▶ _Work order_:
The required output is the run of lines from the one holding "And then a chin-up" through the final line of the listing, restated word for word, with no pictures.

▶ _Supplied material_:
────────────────

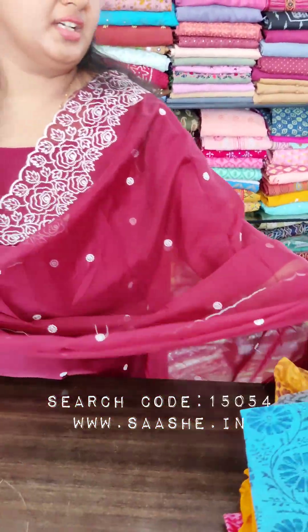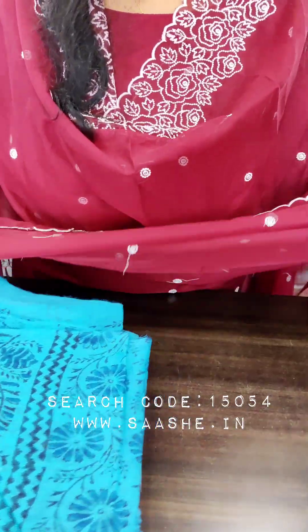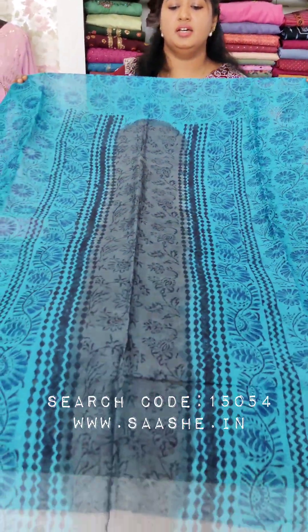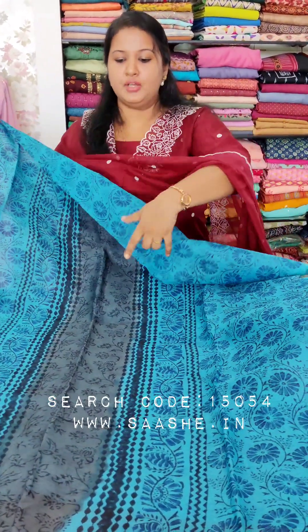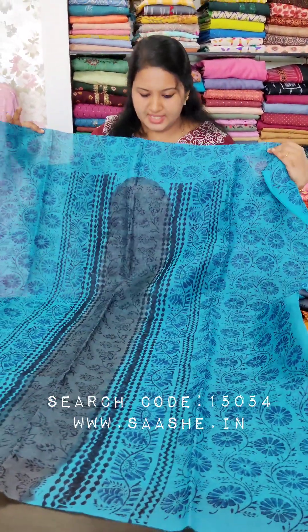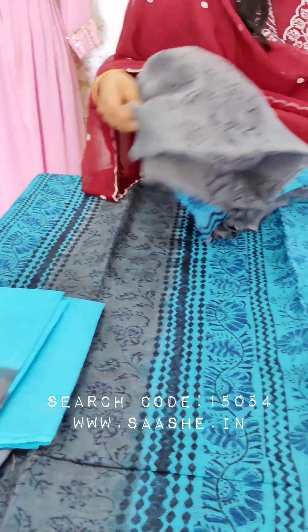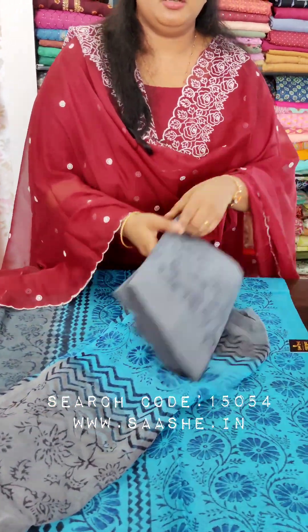Now let's open it up — just a random piece. This is a full video, so you can open it up. This is the lining, the chiffon, and the bottom of the chiffon.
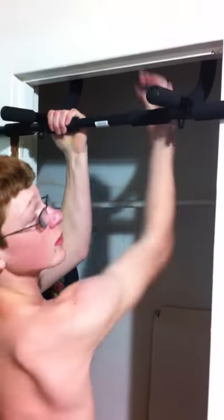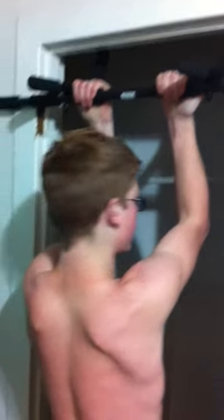And then a chin-up works out your back more. Now show them the strain between the chin-up and the pull-up of your back. Chin-up. And pull-up.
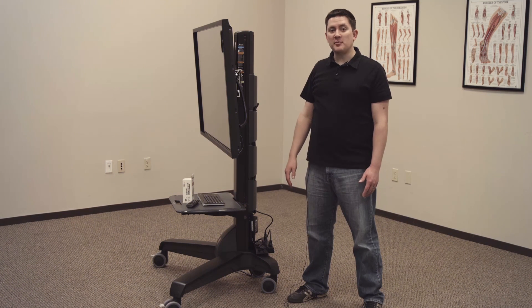That concludes the setup instructions for the Bioness Integrated Therapy System. In order to set up the software, refer to the clinician's guide included in the software kit. Thanks for watching.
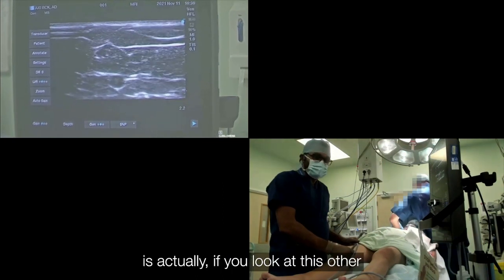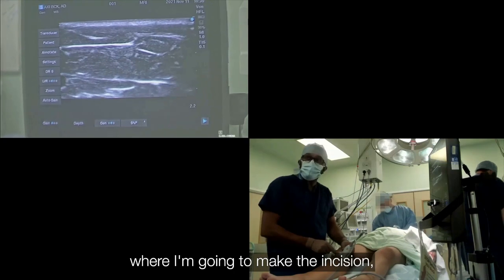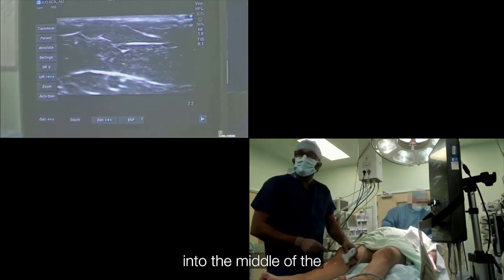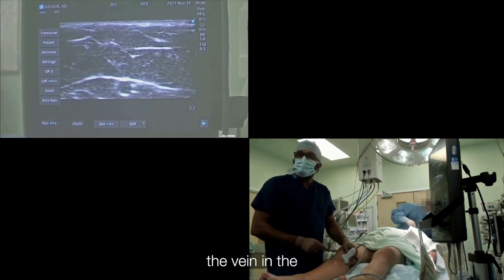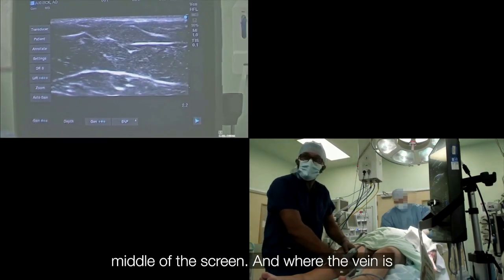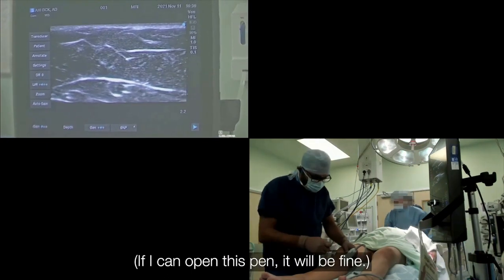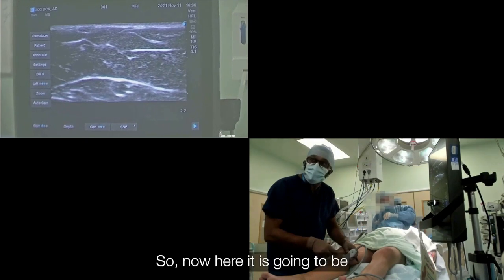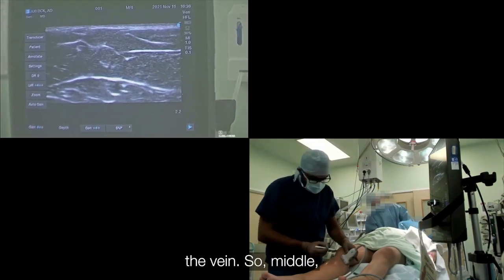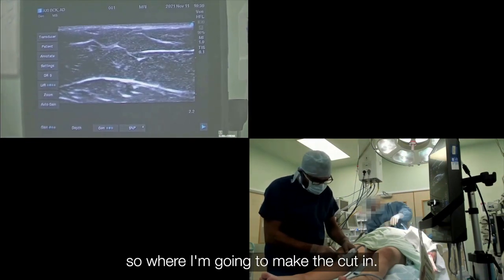The benefit of this vein mapping is that if you look at the other picture, you can see I am at the knee area where I am going to make the incision. So I move the probe into the middle of the screen — where the vein is, the middle of the probe is going to be where the vein is. Here it is going to be the vein, and I am exactly marking where that is, where I am going to make the cut.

────────────────

▶ _Problem solution_:
And then a chin-up works out your back more. Now show them the strain between the chin-up and the pull-up of your back. Chin-up. And pull-up.
That concludes the setup instructions for the Bioness Integrated Therapy System. In order to set up the software, refer to the clinician's guide included in the software kit. Thanks for watching.
The benefit of this vein mapping is that if you look at the other picture, you can see I am at the knee area where I am going to make the incision. So I move the probe into the middle of the screen — where the vein is, the middle of the probe is going to be where the vein is. Here it is going to be the vein, and I am exactly marking where that is, where I am going to make the cut.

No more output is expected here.